Crawled caption data:
——

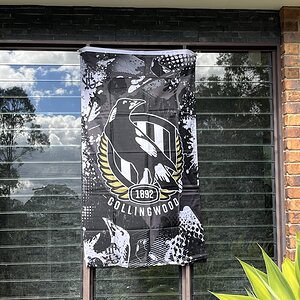 Collingwood.jpg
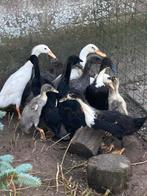 Loopeenden pullen pulletjes, Dieren en Toebehoren, Pluimvee, Meerdere dieren, Eend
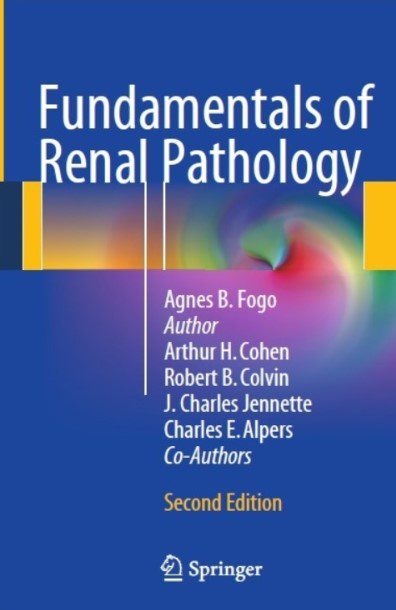 Download Fundamentals of Renal Pathology 2nd Edition PDF Free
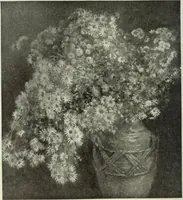 Picture 297 of 459 from International studio (1897), leaf 271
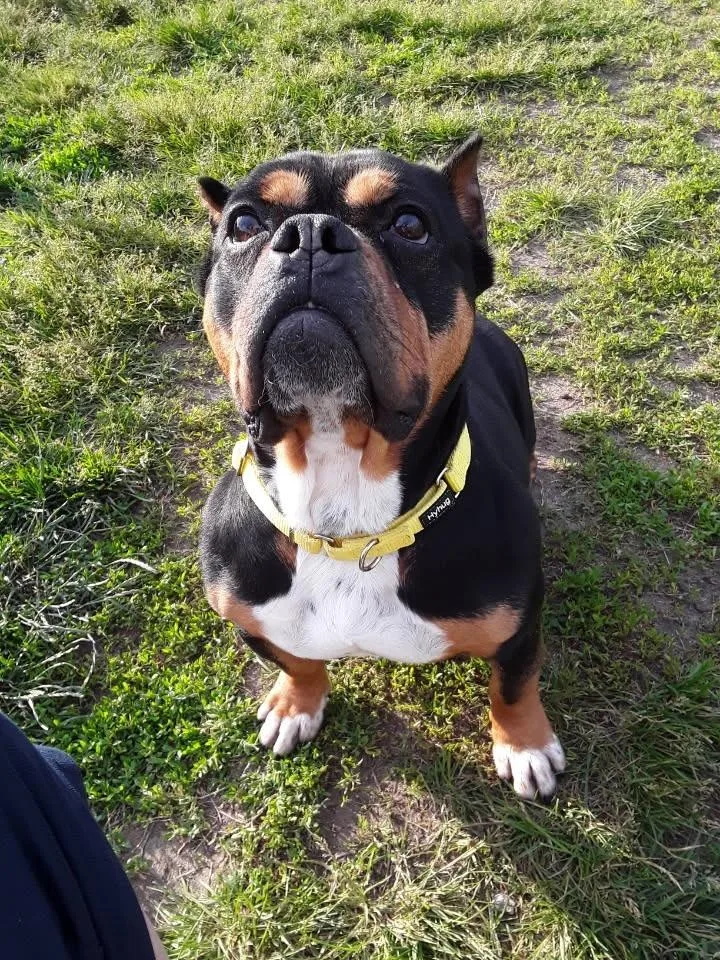 An adult medium-sized female Mixed Breed dog named Holly for adoption in South Bend, IN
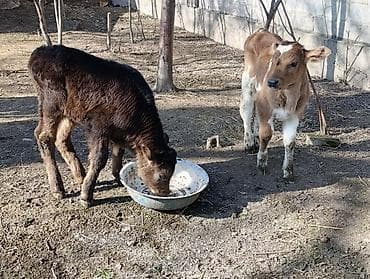 брама чорный: Продаю | Бык (самец) | Алатауская | Для разведения | Искусственник — 5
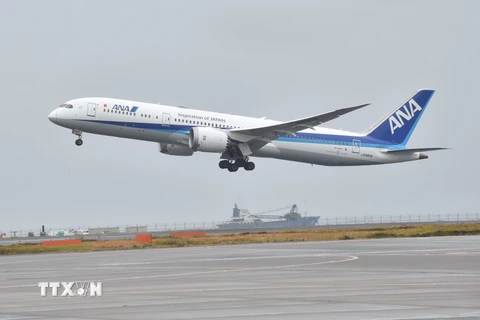 Máy bay của hãng hàng không All Nippon Airways (ANA) hạ cánh xuống sân bay Haneda ở Tokyo, Nhật Bản, ngày 26/11/2019. (Ảnh: AFP/TTXVN)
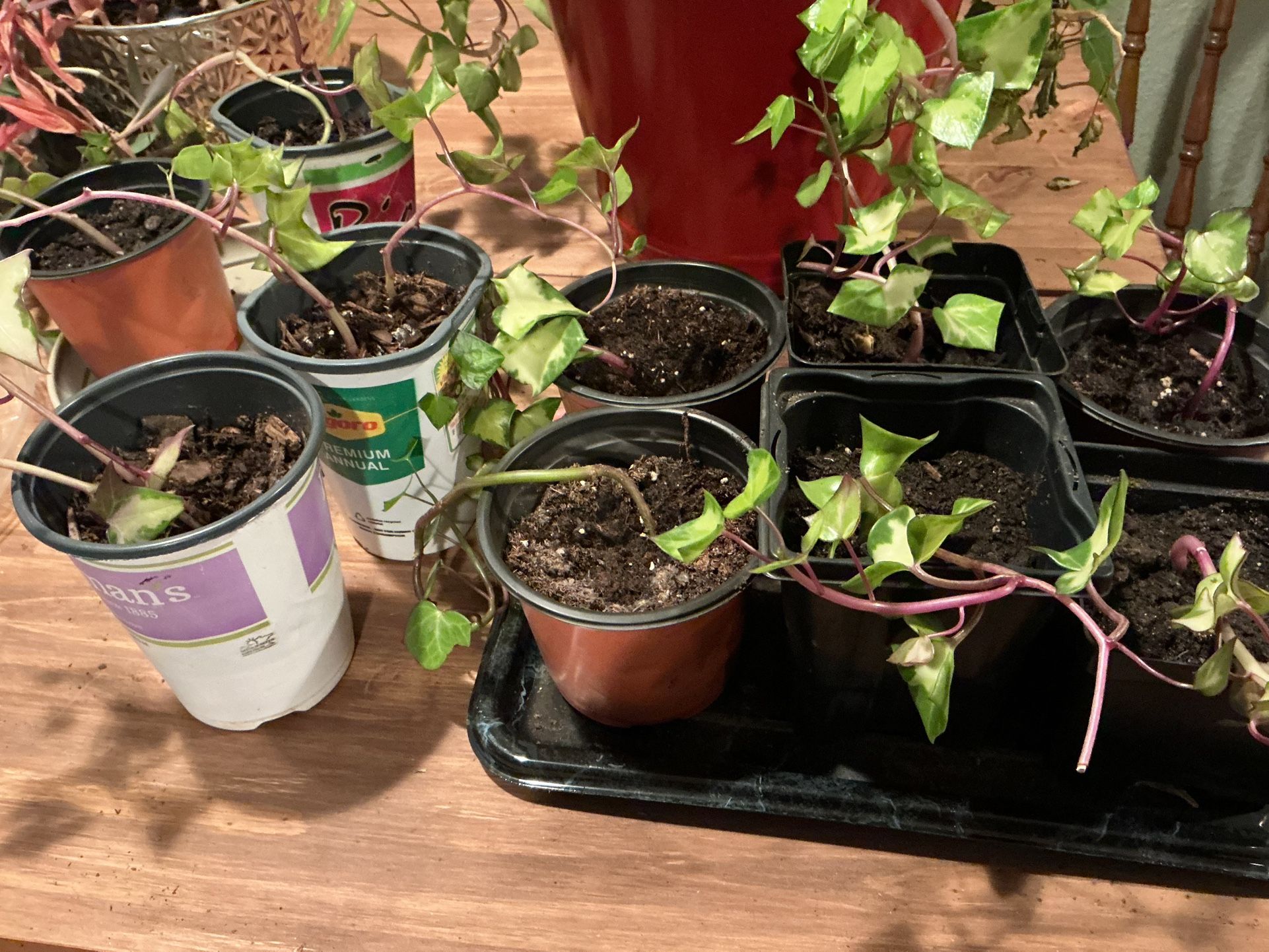 Starter Ivy Plants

——

Task to complete: Only the lines from the one containing "Máy bay của" through the last line of the entries above, both included, belong in the answer, written out exactly; pictures do not.

Response to this task:
 Máy bay của hãng hàng không All Nippon Airways (ANA) hạ cánh xuống sân bay Haneda ở Tokyo, Nhật Bản, ngày 26/11/2019. (Ảnh: AFP/TTXVN)
 Starter Ivy Plants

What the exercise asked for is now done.